Data stitching

dlakelan · November 3, 2022, 9:10pm

In addition to gaussian processes, it’s also possible to fit the function f() using a basis set. I’ve found one such basis set that works well with Bayesian analysis is compact radial basis functions using the “bump function” kernel.

There are some practical advantages over gaussian processes, but the gaussian process is an excellent idea and can be useful in many other contexts, would love to see the Turing example!

cjdoris · November 3, 2022, 10:54pm

A very simple thing I would do is take a bunch of intervals on the X axis, each containing at least one Y1 and Y2, take the mean of Y1 and Y2 in each interval, then solve the OLS problem between these means.

bertschi · November 4, 2022, 10:22am

Ok, here we go:

using StatsPlots, Turing, LinearAlgebra,Random

Random.set_global_seed!(1)

f(x) = exp(-x^2)
x1 = randn(25) .- 1.0
x2 = randn(15) .+ 1.0
y1 = f.(x1)
y2 = 1.5*f.(x2) .+ 0.5 ## true values of a = 1.5 and b = 0.5

p1 = plot([x1, x2], [y1, y2]; seriestype=:scatter) # don't line up

display(p1)

using AbstractGPs

# Kernel with lengthscale ρ and scale σ
kernel(ρ, σ) = σ * Matern32Kernel() ∘ ScaleTransform(1 / ρ)

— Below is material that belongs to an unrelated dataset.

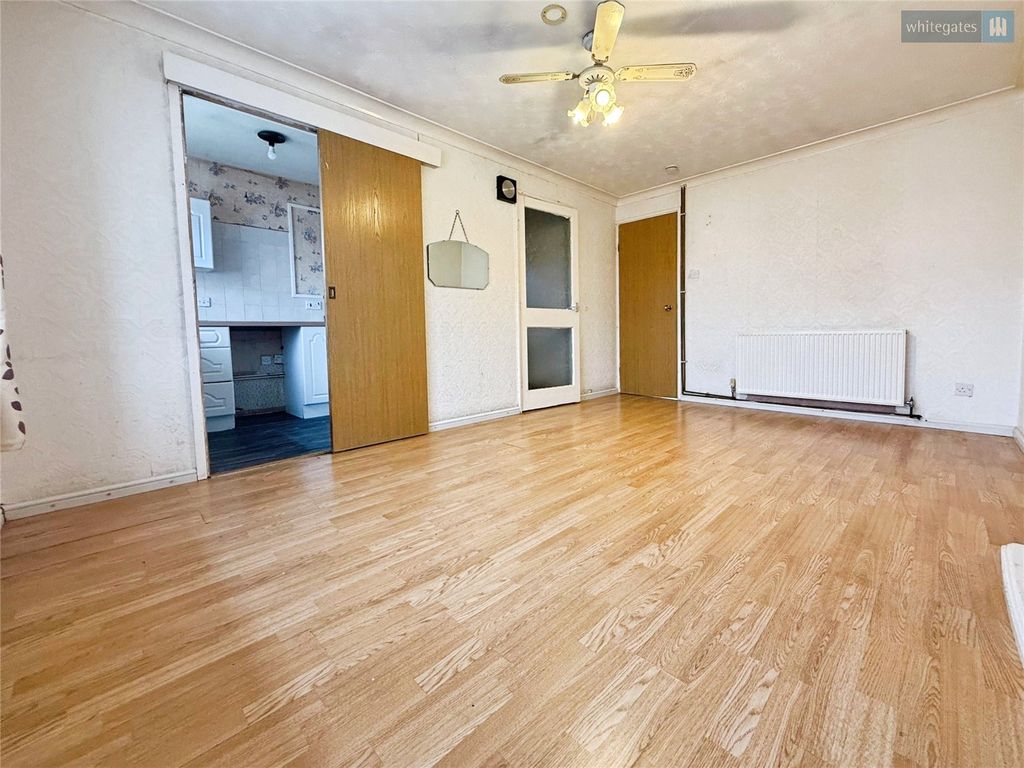 Property photo 3 of 12 Picture No. 13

@model function stitchgp(xbase,ybase,xtform,ytform)
    a ~ Gamma(5,1.0/4) # a is of order 1
    b ~ Gamma(5,1.0/4) # b is of order 1

    # The Gaussian process
    ρ ~ InverseGamma(5, 1.0/4)  # Why inverse gamma: https://mc-stan.org/docs/stan-users-guide/fit-gp.html
    σ ~ LogNormal()
    f = GP(kernel(ρ, σ))
    # Note: GP needs to see all data to smooth between xbase and xtform 
    xs = vcat(xbase, xtform)
    fx ~ f(xs, 1e-6)  # Small jitter for numerical stability

    fx1 = fx[1:length(xbase)]
    fx2 = fx[length(xbase)+1:end]

    # The obsevation model
    σ_obs = 0.05  # Fixed as in original code
    ybase ~ arraydist(Normal.(fx1, σ_obs))
    ytform ~ arraydist(Normal.(a.*fx2 .+ b, σ_obs))
end

mgp = stitchgp(x1, y1, x2, y2)

sgp = sample(mgp, NUTS(300, 0.8), 100)

plot(sgp[:, [:a, :b, :ρ], 1])

Note that I have reduced the number of data points as well as samples as it is quite slow. GPs are always a bit tricky to apply on many data points, i.e., using some clever approximations, but this toy example should not be that slow … have not done a direct comparison with Stan, but we had successfully applied that to a couple thousand data points.

Ralph_Smith · November 6, 2022, 3:48am

I rewrote your GP version using Stheno, with Zygote AD, and AdvancedHMC as such rather than the Turing wrapper (just because I’ve been exploring those packages recently). Using default settings as shown in the documented examples (e.g. here, with extra stuff for priors), I get 1000 samples for 50+30 data points in 36 seconds. This is far faster than what I get with your code; I’d say high-level Turing is currently a questionable tool for this.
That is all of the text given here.